Second, although IP multicast constructs trees in the network core to efficiently distribute groups without redundancy, it does not make efficient use of bandwidth when consumers transition between groups. If a consumer is to rapidly switch between videos in IP multicast groups, it must join and leave the groups. There is the potential for many of these groups to fetch data for the consumer in parallel until a timeout occurs or until the user’s local router sends a leave message to the upstream router. This results in bandwidth being used unnecessarily both locally and between the upstream router and the consumer’s local router. Fundamentally, this is due to the reliance on timers that prune consumers and branches of the multicast tree. Timers are used, since multicast is distributed and does not maintain an accurate state of the exact demand for multicast content. With the use of timers, bandwidth can be wasted in the case where there is no longer downstream demand.
Third, IP multicast does not use the lowest cost path for the dissemination of content. It requires a broadcast tree be first implemented via the rendezvous point of the particular multicast group being joined. Then, after this tree has been completed and the content is being delivered, a second tree is constructed following the paths defined in routing tables from the consumer to the
producer. During this time and until the rendezvous point tree is deconstructed, the content is delivered simultaneously along the rendezvous point tree and the shortest path tree.
Fourth, IP multicast is not easy to deploy. There are many flavors of IP multicast for the distribution of content within and across administrative domains. Each is complex to implement correctly and requires hop-by-hop configuration. For this reason, many choose to forego IP multicast. Furthermore, although there have been proposals to improve IP multicast security, IP multicast is inherently insecure.
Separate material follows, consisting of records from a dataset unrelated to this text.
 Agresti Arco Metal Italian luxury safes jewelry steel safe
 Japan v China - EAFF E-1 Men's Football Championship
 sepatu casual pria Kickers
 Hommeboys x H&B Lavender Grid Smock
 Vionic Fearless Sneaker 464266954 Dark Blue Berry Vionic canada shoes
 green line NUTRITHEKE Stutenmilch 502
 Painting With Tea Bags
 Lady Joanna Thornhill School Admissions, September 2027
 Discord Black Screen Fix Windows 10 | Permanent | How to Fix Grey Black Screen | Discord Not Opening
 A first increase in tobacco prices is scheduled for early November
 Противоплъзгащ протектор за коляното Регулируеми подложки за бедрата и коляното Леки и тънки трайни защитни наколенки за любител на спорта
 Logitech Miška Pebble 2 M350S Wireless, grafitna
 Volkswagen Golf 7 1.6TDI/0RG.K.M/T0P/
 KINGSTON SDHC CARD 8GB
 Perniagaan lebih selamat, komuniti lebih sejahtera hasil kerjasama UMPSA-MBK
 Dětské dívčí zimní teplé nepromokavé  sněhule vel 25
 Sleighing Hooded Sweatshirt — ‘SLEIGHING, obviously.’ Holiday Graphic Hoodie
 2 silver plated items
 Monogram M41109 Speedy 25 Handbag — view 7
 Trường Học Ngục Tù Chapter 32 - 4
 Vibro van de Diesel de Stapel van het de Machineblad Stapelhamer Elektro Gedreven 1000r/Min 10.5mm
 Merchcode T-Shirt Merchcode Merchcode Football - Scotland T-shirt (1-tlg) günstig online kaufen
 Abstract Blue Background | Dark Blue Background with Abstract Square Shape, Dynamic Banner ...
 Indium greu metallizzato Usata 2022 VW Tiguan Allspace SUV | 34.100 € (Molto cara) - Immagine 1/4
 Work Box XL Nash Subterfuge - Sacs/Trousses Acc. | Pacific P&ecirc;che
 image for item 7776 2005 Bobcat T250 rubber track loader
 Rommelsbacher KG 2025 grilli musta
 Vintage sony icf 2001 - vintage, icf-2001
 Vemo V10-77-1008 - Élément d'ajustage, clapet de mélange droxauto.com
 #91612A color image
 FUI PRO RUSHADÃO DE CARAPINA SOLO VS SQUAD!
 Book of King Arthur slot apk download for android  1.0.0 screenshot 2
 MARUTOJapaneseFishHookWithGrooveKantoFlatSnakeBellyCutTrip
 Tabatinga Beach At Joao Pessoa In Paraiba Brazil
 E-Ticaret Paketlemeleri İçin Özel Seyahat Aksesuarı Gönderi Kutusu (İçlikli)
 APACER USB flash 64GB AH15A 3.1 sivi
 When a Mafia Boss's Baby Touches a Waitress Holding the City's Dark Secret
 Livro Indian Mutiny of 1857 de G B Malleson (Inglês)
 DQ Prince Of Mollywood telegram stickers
A denial of service attack could be performed on a network by issuing different, rapid, and sequential IP multicast group joins (with or without leave notifications). This poses a great security risk in an IP multicast implementation and is part of the reason IP multicast is not widely deployed across administrative domains where precise control over usage is not always possible.
And lastly, IP multicast does not take into consideration network capacity. Because IP multicast is a collection of distributed protocols, not one forwarding device in the network is able to determine the best path to forward a group’s content to downstream consumers. The construction of the IP multicast trees is done independently for each video source without regard for other network users. As such, IP multicast can be dangerous where network bandwidth is limited or where there is the risk of oversubscription. On a similar note, IP multicast allows anyone to publish to a group, where the consumers are responsible for sorting out the data they are interested in. This can result in excessive bandwidth use, since such undesired yet still transmitted data will inevitably be thrown away by consumers.